CHARLOTTETOWN - As the coach of Prince Edward Island's first track club, Dave MacEachern didn't exactly have state-of-the-art facilities at his disposal.
The former Canadian Olympic bobsledder held workouts on an old railway bed when the weather co-operated. Cold days meant heading inside, either into the hallway of a nearby school or an abandoned flea market, where he would roll out an 80-metre long strip of rubber he'd purchased to use as a makeshift track.
Growing up on P.E.I., MacEachern knows all about overcoming odds, and his message is simple: it's what's inside that counts.

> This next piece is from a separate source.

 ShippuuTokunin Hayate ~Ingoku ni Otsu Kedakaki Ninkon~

"As long as we have the right attitude and heart, you can go anywhere with track and field," triple jumper Kurt McCormack, one of MacEachern's top athletes with his club Sparta Athletics, said this week at the Canada Games.
MacEachern, 41, has been back living and raising his family in Charlottetown since his Olympic gold medal bobsled career ended in 2000.

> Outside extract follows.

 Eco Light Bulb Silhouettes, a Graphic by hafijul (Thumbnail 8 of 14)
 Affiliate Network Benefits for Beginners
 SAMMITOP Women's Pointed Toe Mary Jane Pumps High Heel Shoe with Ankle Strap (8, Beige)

One of his first success stories was Jared Connaughton. He started coaching the sprinter in Grade 11 with a goal of "getting him out of here," and Connaughton went on to run track at the University of Texas in Arlington where he still lives and trains. He has the No. 2 time in Canada this year in both the 100 and 200 metres, and was part of the Canadian 4x100 relay team that finished fifth last week at the world championships in Berlin.

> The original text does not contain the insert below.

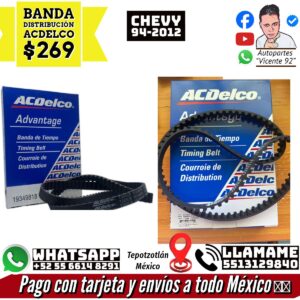Banda de Distribucion ACDELCO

"It was tough to get the wheels spinning here," said Connaughton, who is back in town to watch the Canada Games. "You had to be determined to run fast and put in the effort in a place that just didn't harbour the opportunities.
"I call this my jump-off point, and I always have that in the back of my head, that this is where I come from. Sprinters can get a little needy, but I'm very bare bones and that was instilled in me here."
Bare bones is an understatement. The 21-year-old McCormack, who grew up in Souris, a tiny coastal town of just over 1,200 people 80 kilometres northeast of Charlottetown, learned to triple jump on pavement because there wasn't a proper pit in P.E.I. MacEachern worked on strengthening his legs so they could take the constant jarring of landing on rock-hard asphalt.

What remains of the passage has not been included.